▶ Work instructions: Skip pictures in the listing below; copy exactly the lines from the one with "Animals Starting With" through the one with "Arlight Лента NT-A60-8mm", inclusive.

════════

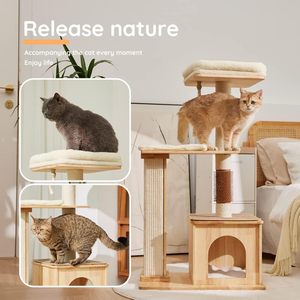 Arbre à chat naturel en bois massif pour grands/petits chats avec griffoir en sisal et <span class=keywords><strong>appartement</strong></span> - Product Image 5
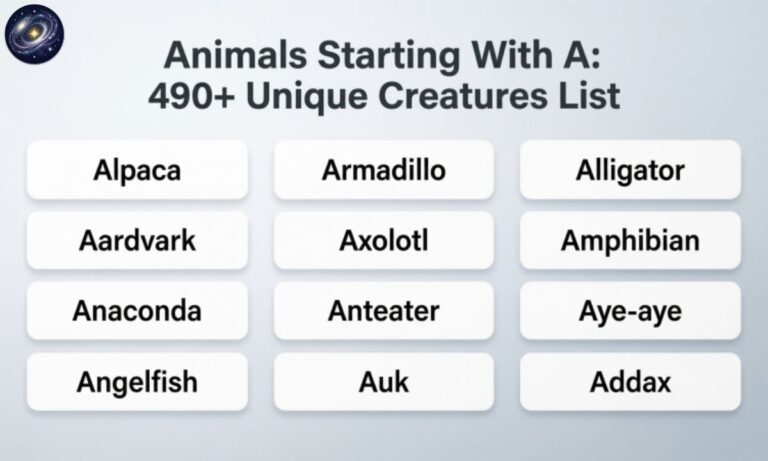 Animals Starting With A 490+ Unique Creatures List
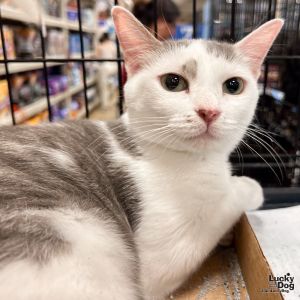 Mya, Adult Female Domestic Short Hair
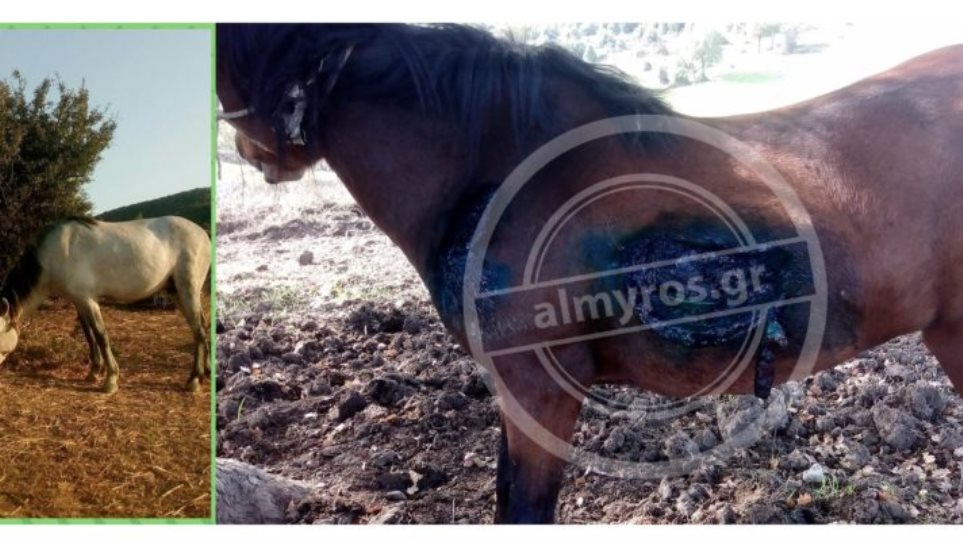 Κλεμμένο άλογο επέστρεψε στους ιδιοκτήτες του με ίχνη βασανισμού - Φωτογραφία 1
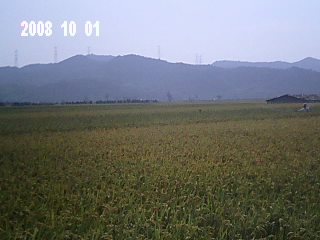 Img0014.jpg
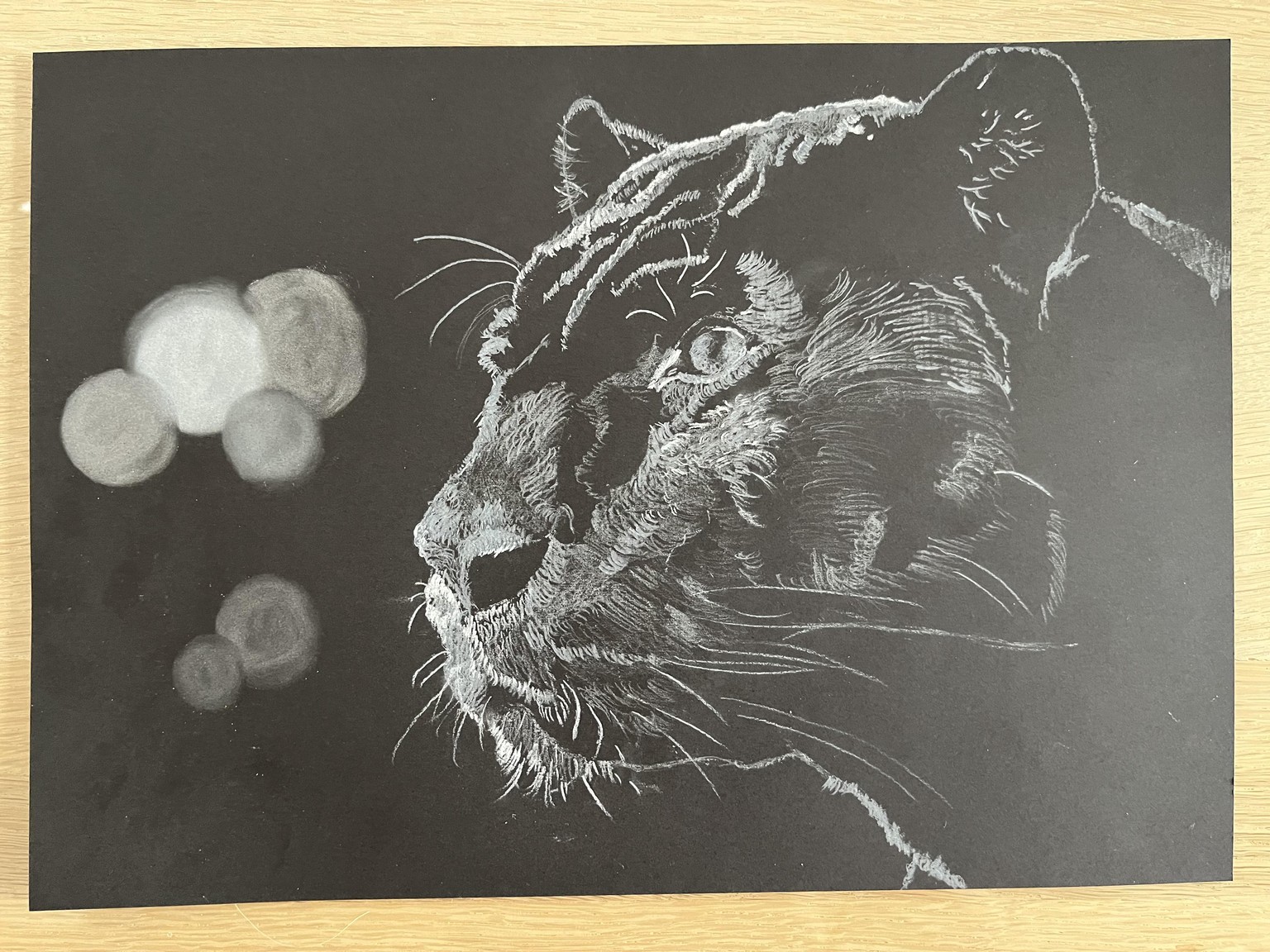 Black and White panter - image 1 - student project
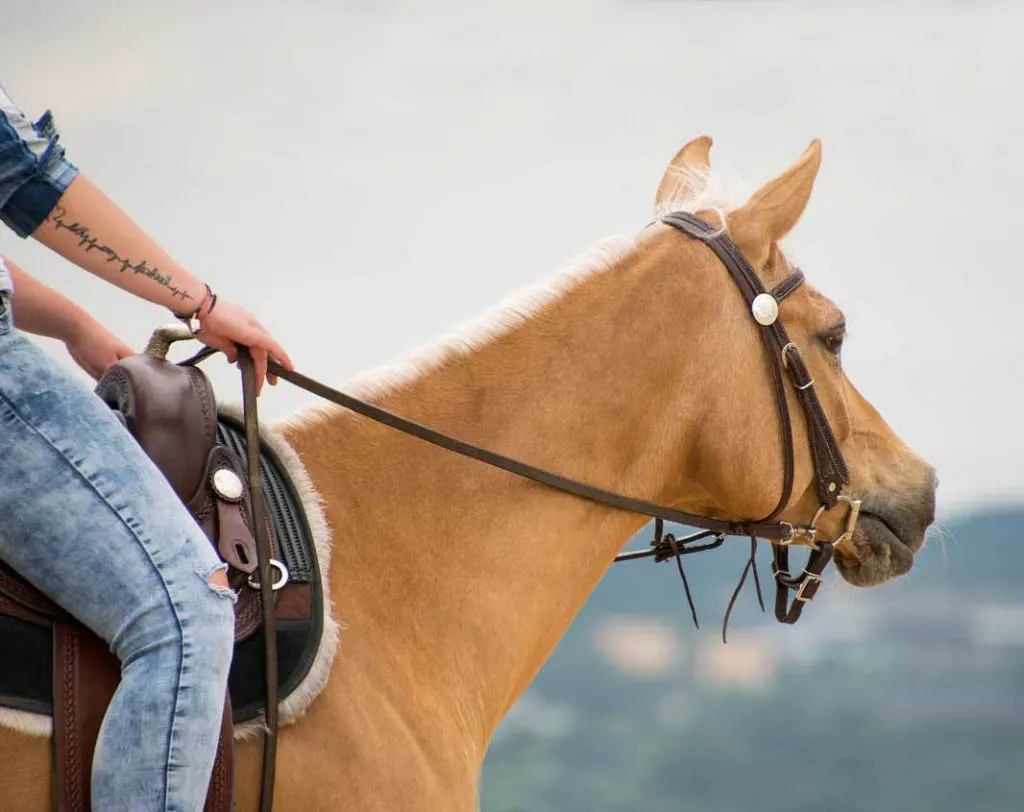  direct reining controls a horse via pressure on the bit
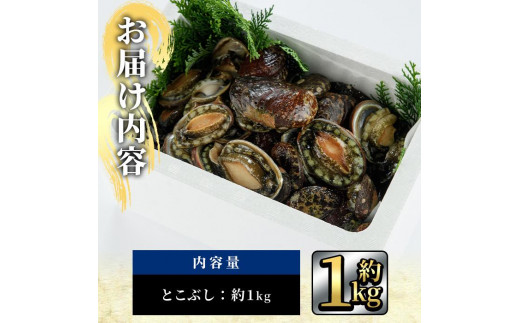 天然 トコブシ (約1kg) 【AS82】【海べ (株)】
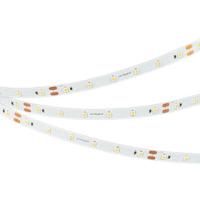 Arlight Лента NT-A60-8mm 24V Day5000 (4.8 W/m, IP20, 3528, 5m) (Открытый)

════════

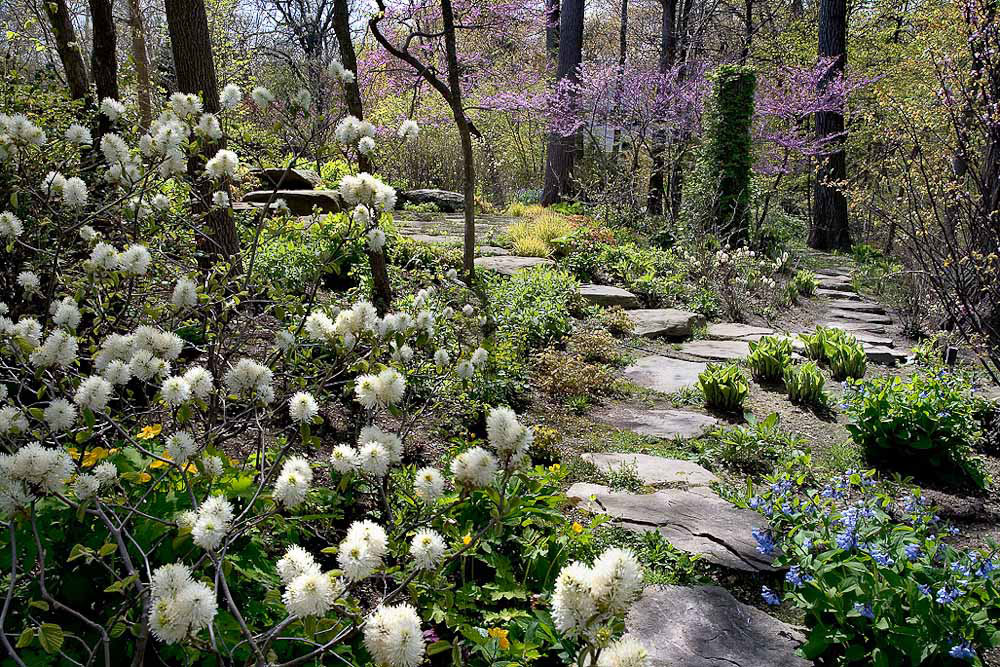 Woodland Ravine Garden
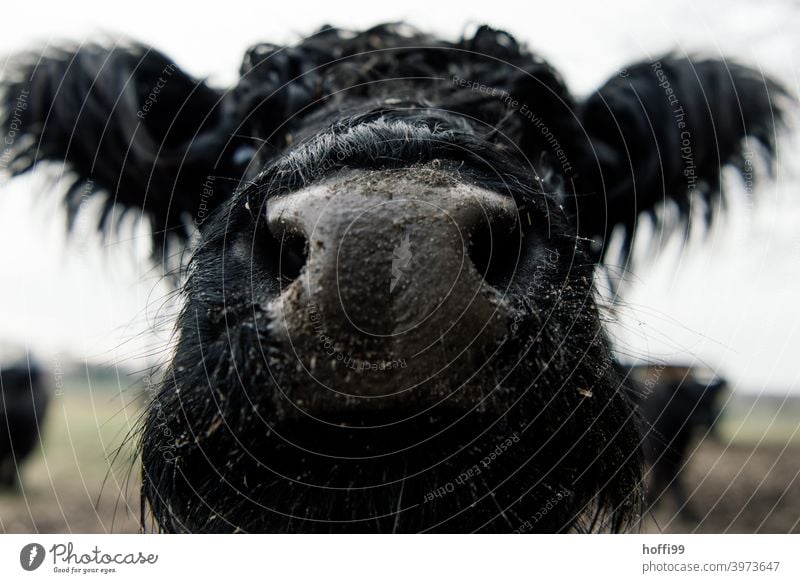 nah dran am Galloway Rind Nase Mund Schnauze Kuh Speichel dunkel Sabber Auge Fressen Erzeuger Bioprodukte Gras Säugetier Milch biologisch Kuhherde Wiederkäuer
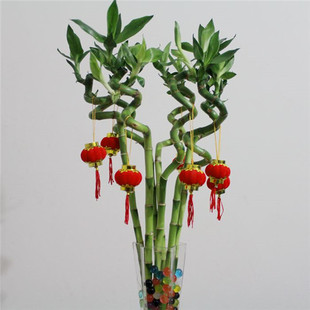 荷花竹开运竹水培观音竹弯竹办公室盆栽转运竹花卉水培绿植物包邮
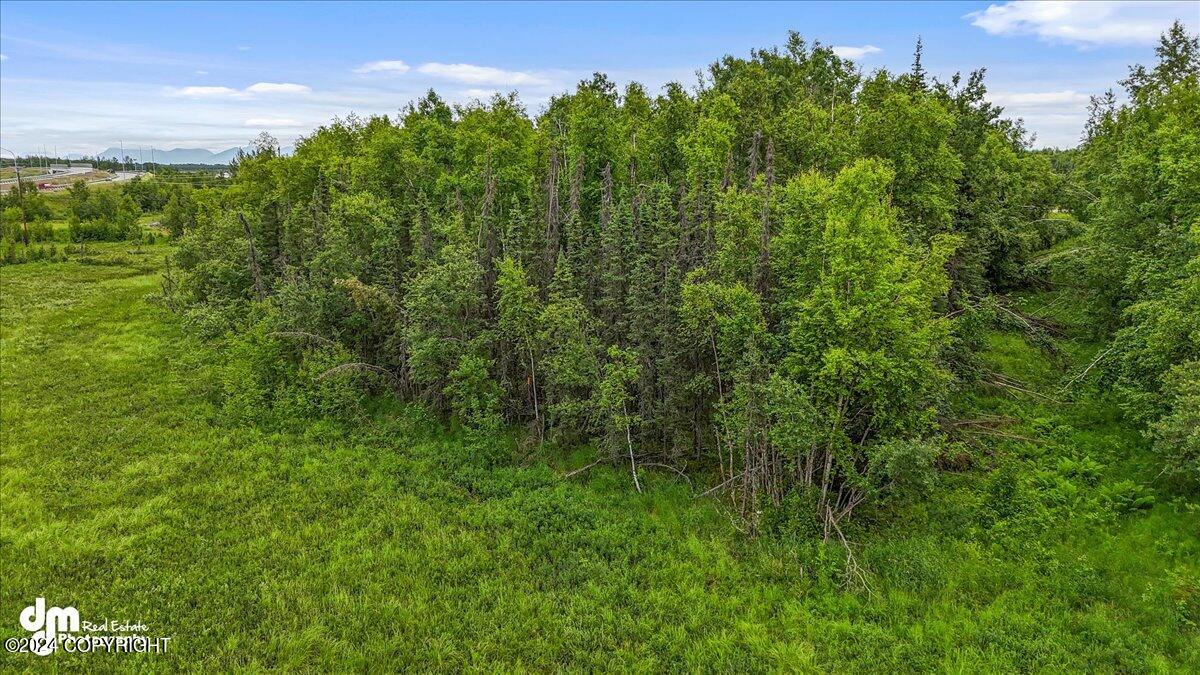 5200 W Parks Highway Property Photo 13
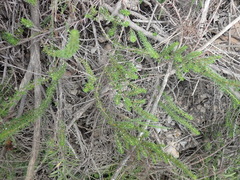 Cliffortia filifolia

════════

▶ Exercise result:
 Animals Starting With A 490+ Unique Creatures List
 Mya, Adult Female Domestic Short Hair
 Κλεμμένο άλογο επέστρεψε στους ιδιοκτήτες του με ίχνη βασανισμού - Φωτογραφία 1
 Img0014.jpg
 Black and White panter - image 1 - student project
  direct reining controls a horse via pressure on the bit
 天然 トコブシ (約1kg) 【AS82】【海べ (株)】
 Arlight Лента NT-A60-8mm 24V Day5000 (4.8 W/m, IP20, 3528, 5m) (Открытый)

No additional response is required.